SynTOF analysis reveals a strong proximity between Hu and NHP presynaptic events with species specificity at the protein level. (A) t-SNE of presynaptic events after nonlinear dimension reduction colored by clusters. (B) Visualization of the connection between mean expression of Hu and NHP samples from different clusters. Nodes represent mean expression vectors per cluster stratified by species, edges correspond to Pearson correlation between nodes vectors. Only significant edges (P-value < 0.05 using non-correlation testing) above the global mean edge value are displayed. Homogeneity was observed across the two datasets, suggesting a high similarity between identified presynaptic events in the two species. Node positions were computed based on the Fruchterman-Reingold algorithm. (C) Original single events from neostriatum embedded and projected in two dimensions using t-SNE, colored by species. (D) Mean frequency of Hu and NHP synaptic events per cluster after removing events present in less than 0.01. Symbols indicate significant differences using Wilcoxon’s P-value < 0.05 (*) after Benjamini–Hochberg correction. (E) Volcano plot of differential protein expression between Hu and NHP, per cluster in cerebral cortex and neostriatum after multiple testing corrected Wilcoxon’s test. Only significantly different marker expressions are colored.

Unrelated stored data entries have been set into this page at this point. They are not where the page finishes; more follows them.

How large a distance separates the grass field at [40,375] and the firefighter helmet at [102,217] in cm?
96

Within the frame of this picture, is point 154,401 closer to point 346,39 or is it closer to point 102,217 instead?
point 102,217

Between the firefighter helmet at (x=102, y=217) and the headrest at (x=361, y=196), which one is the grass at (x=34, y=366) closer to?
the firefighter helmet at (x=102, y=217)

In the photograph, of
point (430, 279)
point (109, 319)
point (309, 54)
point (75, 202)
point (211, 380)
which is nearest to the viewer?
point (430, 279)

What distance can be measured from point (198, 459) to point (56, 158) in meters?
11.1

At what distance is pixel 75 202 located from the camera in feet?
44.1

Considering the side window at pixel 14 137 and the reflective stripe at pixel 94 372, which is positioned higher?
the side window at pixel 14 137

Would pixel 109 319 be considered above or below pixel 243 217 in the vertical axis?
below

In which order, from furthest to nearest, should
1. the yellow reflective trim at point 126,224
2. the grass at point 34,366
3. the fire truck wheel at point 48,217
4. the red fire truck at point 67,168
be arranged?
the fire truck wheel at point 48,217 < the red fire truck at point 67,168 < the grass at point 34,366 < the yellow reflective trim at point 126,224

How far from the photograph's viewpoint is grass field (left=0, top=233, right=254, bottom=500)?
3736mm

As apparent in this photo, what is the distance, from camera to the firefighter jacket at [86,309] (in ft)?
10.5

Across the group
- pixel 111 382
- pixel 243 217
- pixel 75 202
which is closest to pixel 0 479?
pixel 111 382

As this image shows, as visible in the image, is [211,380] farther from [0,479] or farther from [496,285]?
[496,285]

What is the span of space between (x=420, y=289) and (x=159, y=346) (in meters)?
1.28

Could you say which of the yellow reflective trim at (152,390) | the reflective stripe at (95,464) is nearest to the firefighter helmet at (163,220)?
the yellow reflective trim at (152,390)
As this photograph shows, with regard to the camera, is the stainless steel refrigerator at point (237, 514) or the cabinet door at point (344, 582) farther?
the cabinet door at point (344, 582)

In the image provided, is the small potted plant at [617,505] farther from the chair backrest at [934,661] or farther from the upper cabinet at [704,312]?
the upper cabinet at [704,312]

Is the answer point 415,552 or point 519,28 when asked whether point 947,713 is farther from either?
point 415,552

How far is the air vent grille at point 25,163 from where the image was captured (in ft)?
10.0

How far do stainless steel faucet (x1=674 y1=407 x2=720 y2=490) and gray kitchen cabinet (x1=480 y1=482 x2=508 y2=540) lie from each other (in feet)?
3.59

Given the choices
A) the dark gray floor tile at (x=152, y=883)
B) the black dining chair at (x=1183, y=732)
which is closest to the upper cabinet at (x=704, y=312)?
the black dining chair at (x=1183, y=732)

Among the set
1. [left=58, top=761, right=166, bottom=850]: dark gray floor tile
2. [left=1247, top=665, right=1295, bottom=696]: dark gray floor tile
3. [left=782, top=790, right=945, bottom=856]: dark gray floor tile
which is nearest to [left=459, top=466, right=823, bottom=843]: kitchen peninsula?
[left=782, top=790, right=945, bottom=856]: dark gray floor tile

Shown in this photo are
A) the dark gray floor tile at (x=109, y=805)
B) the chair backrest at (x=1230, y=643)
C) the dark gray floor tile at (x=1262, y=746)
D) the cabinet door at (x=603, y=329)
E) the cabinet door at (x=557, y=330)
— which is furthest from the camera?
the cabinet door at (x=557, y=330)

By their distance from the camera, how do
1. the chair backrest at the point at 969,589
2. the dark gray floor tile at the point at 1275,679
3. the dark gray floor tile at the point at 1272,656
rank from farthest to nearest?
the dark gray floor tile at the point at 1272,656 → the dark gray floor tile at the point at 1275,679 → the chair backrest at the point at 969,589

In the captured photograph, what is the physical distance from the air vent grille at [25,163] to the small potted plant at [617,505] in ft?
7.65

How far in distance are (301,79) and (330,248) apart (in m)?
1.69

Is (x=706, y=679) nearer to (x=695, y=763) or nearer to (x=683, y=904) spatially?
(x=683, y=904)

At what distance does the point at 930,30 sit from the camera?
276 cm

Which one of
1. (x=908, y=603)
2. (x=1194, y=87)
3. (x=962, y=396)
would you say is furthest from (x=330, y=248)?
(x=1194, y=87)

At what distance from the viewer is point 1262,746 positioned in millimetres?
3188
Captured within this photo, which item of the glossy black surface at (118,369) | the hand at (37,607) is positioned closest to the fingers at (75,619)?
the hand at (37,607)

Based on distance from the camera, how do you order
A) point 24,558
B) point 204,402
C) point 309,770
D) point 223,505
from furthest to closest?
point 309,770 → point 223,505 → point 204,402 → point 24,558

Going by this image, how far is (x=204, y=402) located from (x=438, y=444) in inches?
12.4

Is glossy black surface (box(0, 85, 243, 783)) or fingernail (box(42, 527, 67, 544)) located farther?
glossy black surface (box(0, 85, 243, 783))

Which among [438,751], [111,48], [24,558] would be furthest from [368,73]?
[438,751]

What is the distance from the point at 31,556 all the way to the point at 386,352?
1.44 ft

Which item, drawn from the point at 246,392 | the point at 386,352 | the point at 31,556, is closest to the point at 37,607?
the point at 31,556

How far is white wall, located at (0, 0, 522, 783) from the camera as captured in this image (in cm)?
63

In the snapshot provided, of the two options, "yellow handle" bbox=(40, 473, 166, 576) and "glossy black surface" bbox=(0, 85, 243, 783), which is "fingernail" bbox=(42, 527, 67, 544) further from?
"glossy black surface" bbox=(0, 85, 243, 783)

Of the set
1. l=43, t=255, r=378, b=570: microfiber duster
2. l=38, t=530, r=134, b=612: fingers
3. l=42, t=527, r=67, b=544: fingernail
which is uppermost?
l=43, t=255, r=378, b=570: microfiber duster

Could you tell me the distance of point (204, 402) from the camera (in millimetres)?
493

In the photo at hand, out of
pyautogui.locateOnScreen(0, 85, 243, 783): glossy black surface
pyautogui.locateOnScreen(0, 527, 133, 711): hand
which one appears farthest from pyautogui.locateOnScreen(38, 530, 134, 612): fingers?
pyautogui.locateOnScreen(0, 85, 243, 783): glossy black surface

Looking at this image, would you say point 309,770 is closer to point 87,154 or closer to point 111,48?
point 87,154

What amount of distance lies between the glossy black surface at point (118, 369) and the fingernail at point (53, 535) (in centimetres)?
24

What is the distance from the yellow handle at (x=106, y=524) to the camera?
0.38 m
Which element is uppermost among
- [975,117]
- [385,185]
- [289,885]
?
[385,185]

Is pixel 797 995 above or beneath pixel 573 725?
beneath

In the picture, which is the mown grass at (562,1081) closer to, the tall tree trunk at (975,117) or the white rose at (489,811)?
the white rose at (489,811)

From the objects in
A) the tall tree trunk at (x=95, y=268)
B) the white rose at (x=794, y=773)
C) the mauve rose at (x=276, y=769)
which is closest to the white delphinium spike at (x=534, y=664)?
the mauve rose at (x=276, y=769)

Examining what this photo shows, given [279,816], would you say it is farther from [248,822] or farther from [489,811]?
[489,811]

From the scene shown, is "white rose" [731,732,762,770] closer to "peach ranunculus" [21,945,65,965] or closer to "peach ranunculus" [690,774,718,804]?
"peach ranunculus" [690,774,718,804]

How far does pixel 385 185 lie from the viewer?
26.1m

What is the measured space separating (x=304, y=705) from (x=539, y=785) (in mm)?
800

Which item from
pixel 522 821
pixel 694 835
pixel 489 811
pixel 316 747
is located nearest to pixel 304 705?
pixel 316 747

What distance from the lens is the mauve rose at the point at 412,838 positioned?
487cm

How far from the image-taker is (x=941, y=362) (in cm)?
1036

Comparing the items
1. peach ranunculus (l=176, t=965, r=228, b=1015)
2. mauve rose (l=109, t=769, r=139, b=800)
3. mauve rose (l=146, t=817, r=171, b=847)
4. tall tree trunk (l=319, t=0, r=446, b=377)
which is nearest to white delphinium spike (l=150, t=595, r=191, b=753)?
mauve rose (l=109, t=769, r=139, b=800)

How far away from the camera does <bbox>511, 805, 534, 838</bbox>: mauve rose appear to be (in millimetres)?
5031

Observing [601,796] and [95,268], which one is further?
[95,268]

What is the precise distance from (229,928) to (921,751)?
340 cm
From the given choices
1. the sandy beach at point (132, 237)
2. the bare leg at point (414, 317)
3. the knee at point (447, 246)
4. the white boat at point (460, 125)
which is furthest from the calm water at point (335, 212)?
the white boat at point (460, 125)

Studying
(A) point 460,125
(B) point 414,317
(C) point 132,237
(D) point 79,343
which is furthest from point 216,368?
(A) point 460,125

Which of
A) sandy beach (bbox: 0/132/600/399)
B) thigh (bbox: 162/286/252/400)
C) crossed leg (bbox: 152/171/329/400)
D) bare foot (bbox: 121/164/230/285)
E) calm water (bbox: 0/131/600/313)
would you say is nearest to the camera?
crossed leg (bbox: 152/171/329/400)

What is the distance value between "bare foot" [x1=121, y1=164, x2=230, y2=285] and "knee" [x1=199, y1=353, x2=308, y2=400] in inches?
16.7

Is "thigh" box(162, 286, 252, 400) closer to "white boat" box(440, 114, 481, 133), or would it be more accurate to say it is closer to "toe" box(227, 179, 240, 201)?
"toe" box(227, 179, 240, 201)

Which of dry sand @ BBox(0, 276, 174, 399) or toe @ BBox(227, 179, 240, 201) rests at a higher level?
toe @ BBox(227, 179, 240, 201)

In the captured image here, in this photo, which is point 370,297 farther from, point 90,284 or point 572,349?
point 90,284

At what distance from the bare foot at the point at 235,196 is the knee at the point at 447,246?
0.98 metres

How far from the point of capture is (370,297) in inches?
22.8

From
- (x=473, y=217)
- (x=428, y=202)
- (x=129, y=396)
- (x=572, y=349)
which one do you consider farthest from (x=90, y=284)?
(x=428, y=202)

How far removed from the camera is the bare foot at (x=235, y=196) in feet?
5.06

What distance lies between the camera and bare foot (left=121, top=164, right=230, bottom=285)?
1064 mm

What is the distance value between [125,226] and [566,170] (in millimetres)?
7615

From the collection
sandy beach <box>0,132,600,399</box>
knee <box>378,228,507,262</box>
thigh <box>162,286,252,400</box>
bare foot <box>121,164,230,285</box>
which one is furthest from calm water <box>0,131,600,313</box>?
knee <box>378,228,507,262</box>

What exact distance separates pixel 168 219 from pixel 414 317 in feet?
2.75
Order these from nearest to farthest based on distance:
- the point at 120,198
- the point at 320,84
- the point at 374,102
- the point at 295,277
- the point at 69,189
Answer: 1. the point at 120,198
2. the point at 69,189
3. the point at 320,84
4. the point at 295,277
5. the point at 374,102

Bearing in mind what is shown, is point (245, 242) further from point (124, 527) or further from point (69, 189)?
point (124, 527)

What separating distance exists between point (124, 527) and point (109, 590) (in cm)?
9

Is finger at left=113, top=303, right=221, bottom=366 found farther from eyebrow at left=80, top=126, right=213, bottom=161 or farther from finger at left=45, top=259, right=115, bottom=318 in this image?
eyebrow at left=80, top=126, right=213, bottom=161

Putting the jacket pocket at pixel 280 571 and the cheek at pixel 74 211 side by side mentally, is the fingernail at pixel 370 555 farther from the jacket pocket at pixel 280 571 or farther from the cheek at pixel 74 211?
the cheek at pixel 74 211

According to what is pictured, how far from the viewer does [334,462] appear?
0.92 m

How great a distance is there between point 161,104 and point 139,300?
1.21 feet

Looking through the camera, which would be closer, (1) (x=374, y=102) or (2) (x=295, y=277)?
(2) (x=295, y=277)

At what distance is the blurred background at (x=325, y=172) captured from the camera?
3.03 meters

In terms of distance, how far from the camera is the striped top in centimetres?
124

To gain further insight of the differences between Hu and NHP, we investigated markers differentially expressed between Hu and NHP within each cluster (Fig. 4E). Using 20 phenotypic markers, we compared mean marker intensity between Hu and NHP using adjusted Wilcoxon’s test. Differences between the two primates included a relatively higher expression of DJ1 and AS in frontal cortex, and ApoE in neostriatum for Hu compared to NHP with an adjusted P-value < 0.05. Contrarily, parkin and LRRK2 in both regions, VMAT in frontal cortex and VGLUT in neostratium showed overall higher expression in NHP compared to Hu samples (FDR after correction P-value < 0.05). Minor differences in the Hu neostriatum include BIN1 and SERT (3 clusters) decreased protein expression, and AS and GAMT (2 clusters) increased expression compared to NHP (Figs. 4E, S5C).

Discussion

Cross-species comparison of the central nervous system has a long tradition of illuminating human-specific structures and providing insight into function. Indeed, Bjornson-Hooper, et al. recently reported an extensive cross-species comparison of Hu, NHP, and Mu CyTOF data from immune cells in blood, demonstrating the importance of understanding differences between human and model organisms37. Here, we report our cross-species comparison of presynaptic molecular composition using publicly available SynTOF data. As far as we are aware, our study provides the first unsupervised integrating cross-species comparison of multiplexed, single presynaptic data. Several antibodies were used to gate for presynaptic events versus other debris in the homogenate, yielding 20-plex quantitative data on over 4.5 million single, highly enriched presynaptic events from the three species. These unparalleled broad, deep, and specific multispecies molecular data formed the basis of our comparative presynaptic investigation. Leveraging recent machine-learning advances, we developed the first integrated framework to compare the large cross-species datasets generated by SynTOF and investigated key differences and similarities among species and brain regions in presynaptic protein expression from disease-free (control) Hu, NHP, and Mu brain.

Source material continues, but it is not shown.